Still without the money to buy a ride, Tom wouldn’t race an Indycar again until 1973. The school generously granted him May off to pass his rookie test at Indy, but then pushed him to commit to one career or the other. He chose motorsport.
From being an occasional gun for hire in 1973, his sprint car performances with Carl Gehlhausen that year earned him a full-time ride with Grant King Racing in ’74. The results were poor, but he had the car going quicker than any of his predecessors, with eight top-10 grid slots. When Roger Penske’s regular driver, Gary Bettenhausen, broke his arm in an accident in a dirt race, Sneva was top of his shopping list.
After 1975’s extreme highs and lows, ’76 was a wash-out, two third places being the highlights; no-one involved is sure why, but one possibility was eliminated when Penske replaced his Offenhauser engines with Cosworths for ’77. Sneva won in Texas and Pocono to build the foundations of his first title. He retained the crown in ’78 on sheer consistency. The pace was there — he took seven poles — but amazingly the champion didn’t win a single round!

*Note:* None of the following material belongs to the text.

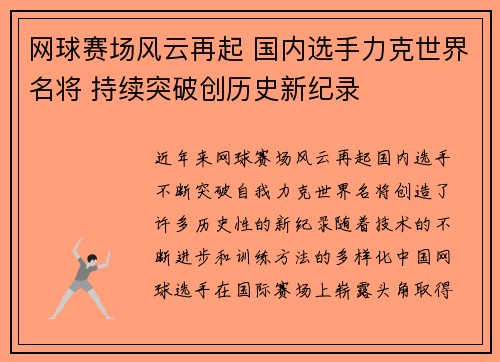 网球赛场风云再起 国内选手力克世界名将 持续突破创历史新纪录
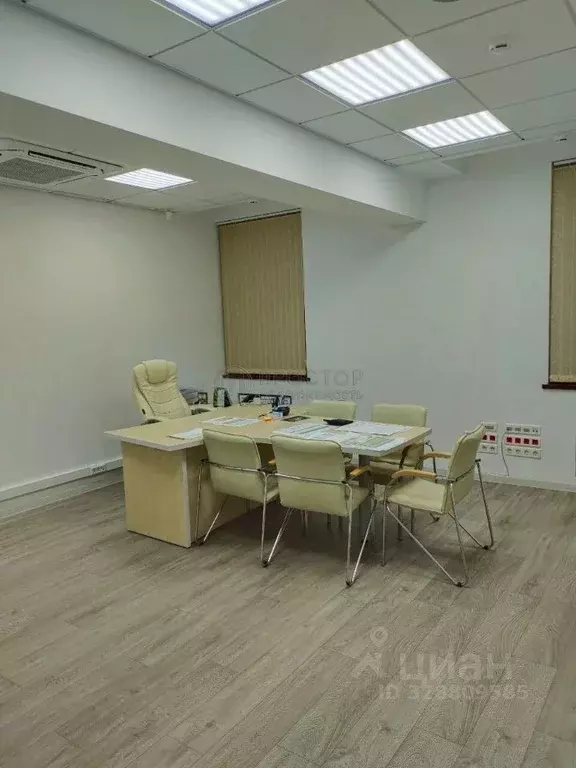 Офис в Москва ул. Кржижановского, 14К3 (476 м) - Фото 1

“We messed up in the pits a few times; little things went wrong,” recalls Sneva, “but what hurt us more than anything was that this was the first full year that Penske ran his own Indycar. We did all the testing in the first car Penske built, but as the A-guy, at the start of the season, I got a fresh chassis, and Rick Mears as the new boy on the team got the test car. Well for some reason the prototype was always better than any of the cars that followed.”
Mears, in his sophomore season, chalked up three wins and became Penske’s golden child, while Sneva’s relationship with the Captain turned sour: “There was some inner-squad fighting, partly I think because I wasn’t winning races. Everyone from the crew chief down wanted to protect his own situation so fingers got pointed towards the driver more often than they should have been. For my part, I saw in Penske a team that was about 85 per cent efficient, and my suggested changes weren’t well received by the team. It wasn’t until I went and ran elsewhere that I realised running at 85 per cent efficiency made Roger’s team far more efficient than any other!”
And so Sneva was rewarded for two consecutive championships by being shown the door. Jerry O’Connell’s Sugaripe Prune team offered him a lifeline for 1979, and then a ground-effect chassis, the Phoenix, in ’80. A crash in practice at Indy meant starting the race from 33rd and in the old back-up McLaren, but what followed was a Sneva classic, as he fought through to finish second: “That was my best day at Indy, better even than winning it in 1983. In 1980 we had a small team, our car was several years old, we started last, we maximised the team strategy, the pitcrew did a great job and I think I drove as well as I’ve ever done there.”
It wasn’t until the end of the season — appropriately enough, in Phoenix — that he was able to take the Phoenix chassis’ first victory, despite being jammed in fourth gear from green to chequer, and starting from the back!